Microtia is the medical word to describe a small or absent ear. If you have microtia, you will have had it from birth. It is treated at Great Ormond Street Hospital (GOSH) with cosmetic procedures.


Microtia is congenital (present from birth) and can appear on its own or alongside other symptoms as part of a syndrome. Some syndromes that have microtia as a feature include: 

  • Goldenhar syndrome
  • hemifacial microsomia
  • Treacher-Collins syndrome  

Microtia can affect one ear only (unilateral) or both ears (bilateral). Around ten per cent of people with microtia are affected in both ears. 

Microtia is a rare condition affecting about one in 7,000 babies. It seems to affect more boys than girls, and affects right ears more than left ears, although we don’t yet understand why this should be the case. It also seems to be more common in Asian people than people of other races, but again we don’t yet know why. 

Microtia and deafness 

Most people with microtia will have some degree of hearing loss on the affected side. This is because the middle ear, which contains the eardrum and tiny ear bones, is affected as well as the outer ear. In some people, the ear canal is blocked or absent, so sound waves can’t pass through the ear in the normal way. Generally, although the outer and middle ear is affected, the inner ear is healthy so some options for restoring hearing are available. We don’t recommend operations to repair the hearing tube and middle ear as they don’t offer very good success rates and, in some circumstances, could damage hearing further. 

People with unilateral microtia usually have normal hearing in their other ear, although this must be confirmed with hearing tests at a young age. Having normal hearing in only one ear will not usually cause any speech and language delay, and there are ways to make the most of your hearing while at school, for instance. It is unusual for a person with unilateral microtia to need a hearing aid. 

People with bilaterial microtia will usually need some form of hearing aid at a young age to enable them to develop speech.
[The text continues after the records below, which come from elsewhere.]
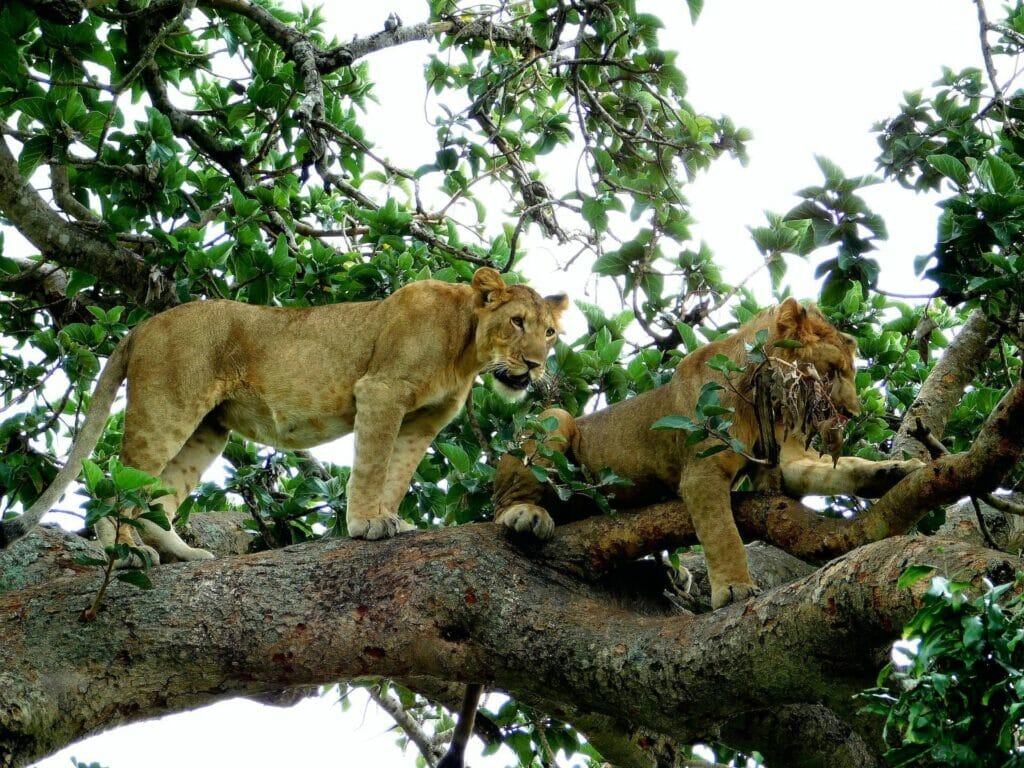 tree lions ishasha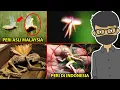 Download Lagu 10 PENAMPAKAN PERI ASLI DI DUNIA NYATA
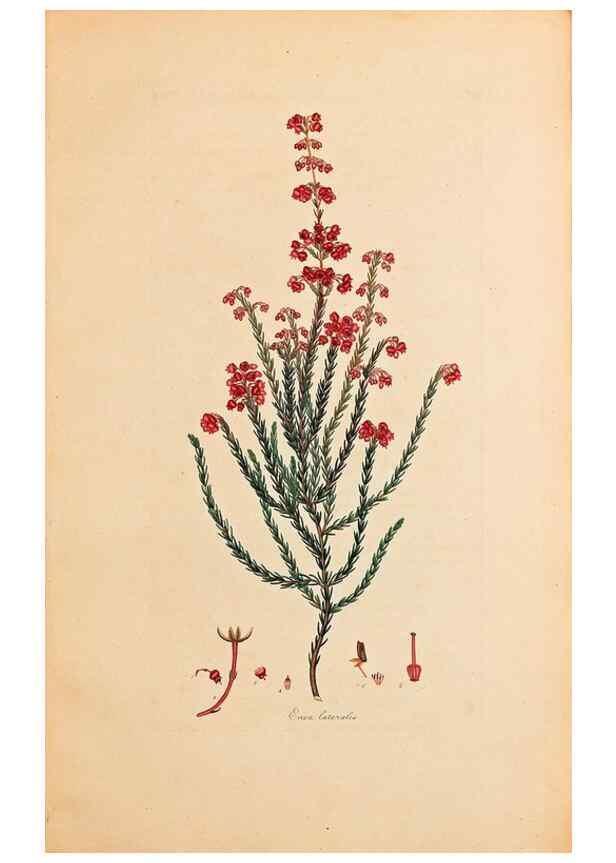 Reproducción/Reproduction 33963350658: Coloured engravings of heaths :. London :Published by the Author. Printed by T. Bensley,1802-09 [1830?].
This is often a ‘bone conduction hearing aid’ that transmits sound waves to the inner ear through the bones of the skull. In very young children, these hearing aids are usually on a headband, but as a child grows older a ‘bone anchored hearing aid’ might be better. 


It’s obvious at birth if you have a small or absent ear. Hearing tests will have been used to work out whether you have any hearing in the affected ear, and if so, to what degree. Hearing in the unaffected ear will also be confirmed. This is helpful for planning your education. 

If your microtia was suspected as part of a syndrome, you probably had other tests to confirm or rule out the diagnosis. Some syndromes are inherited, in which case you may be offered genetic counselling.  


All the treatment options available are cosmetic. That is, they improve the look of the ear but can’t improve its function. There are three options for treatment available:

  • no surgical treatment
  • ear reconstruction using a rib graft
  • false (prosthetic) ear 

More information about each option follows. The team will discuss each option with you, and the final decision about which option to take will be made jointly between you, your family or carers and the microtia team. 

No surgical treatment  

While you’re young, you may decide to leave the ear as it is. Some people camouflage their ear by growing their hair long, while others deal with comments and questions more easily. The chances of successful surgery or prosthesis improve with age, so if you change your mind in the future, these options will still be open to you. 

Ear reconstruction using a rib graft  

This involves making a new ear from your own tissue. The framework or ‘scaffolding’ is made from cartilage taken from your ribcage. The reconstruction is carried out in two stages. Most people are offered this option when they are teenagers because their cartilage is mature enough to use at that stage. 

False (prosthetic) ear  

This involves attaching implants and fixtures to your head onto which a false ear is attached. It usually takes two operations: one to insert the implants and another to attach the fixtures. Once the operations are complete, the false ear is attached to the fixtures. The false ear itself is made from soft, silicone material and is sculpted to match your other ear. It will need to be replaced every two years and the fixtures need to be cleaned every day. 

When should treatment start? 

As a teenager, you can have treatment at any time. 

Living with microtia 

Here are some ways of coping with microtia. 

At home

  • You will find it easier to hear if people stand or sit on the side of your hearing ear. This is especially important if there is background noise from the television or brothers and sisters.
  • If you suspect you have an ear infection in the hearing ear, visit your family doctor (GP) as soon as possible. 

At school 

Ask if you can sit towards the front, with your hearing ear near the teacher.

  • Learning to read may be more difficult if certain sounds are difficult to hear over classroom noise. Ask if quiet reading time is possible on the timetable.
  • Check your eyesight regularly so that you can read instructions easily.
  • Talk to the Special Educational Needs Coordinator (SENCo) about any other aids that might help you.  

Looking ahead 

As discussed in the treatments section, operations to correct microtia will only make the ear look better. It will not improve how well it works. The results from surgery are usually very realistic and will rarely need repeating in later life. Most young people adapt to any hearing loss.